Juv Chan for AWS Heroes

Posted on Nov 17, 2020 • Edited on Nov 19, 2020

Building Natural Flower Classifier using Amazon Rekognition Custom Labels The Complete Guide with AWS Best Practices

#aws #machinelearning #computervision

Introduction

Building your own computer vision model from scratch can be fun and fulfilling. You get to decide your preferred choice of machine learning framework and platform for training and deployment, design your data pipeline and neural network architecture, write custom training and inference scripts, and fine-tune your model algorithm’s hyperparameters to get the optimal model performance.

On the other hand, this can also be a daunting task for someone who has no or little computer vision and machine learning expertise.
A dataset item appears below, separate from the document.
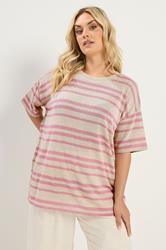 YOURS Plus Size Women's Pink Striped Knitted Boxy T-Shirt | Yours Clothing 3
This post shows a step-by-step guide on how to build a natural flower classifier using Amazon Rekognition Custom Labels with AWS best practices.

Amazon Rekognition Custom Labels Overview

Amazon Rekognition Custom Labels is a feature of Amazon Rekognition, one of the AWS AI services for automated image and video analysis with machine learning. It provides Automated Machine Learning (AutoML) capability for custom computer vision end-to-end machine learning workflows.

It is suitable for anyone who wants to quickly build a custom computer vision model to classify images, detect objects and scenes unique to their use cases. No machine learning expertise is required.

Prerequisites

For this walkthrough, you should have the following prerequisites:

An AWS account — You can create a new account if you don’t have one yet.
AWS CLI — You should install or upgrade to the latest AWS Command Line Interface (AWS CLI) version 2.

Creating Least Privilege Access IAM User & Policies

As a security best practice, it is strongly recommended not to use the AWS account root user for any task where it is not required. Instead, create a new IAM (Identity and Access Management) user and grant the required permissions for the IAM user based on the principle of least privilege using identity-based policy. This adheres to the IAM best practices under the Security Pillar in the Machine Learning Lens for the AWS Well-Architected Framework.

In this walkthrough, the new IAM user requires both Programmatic access and AWS Management Console access.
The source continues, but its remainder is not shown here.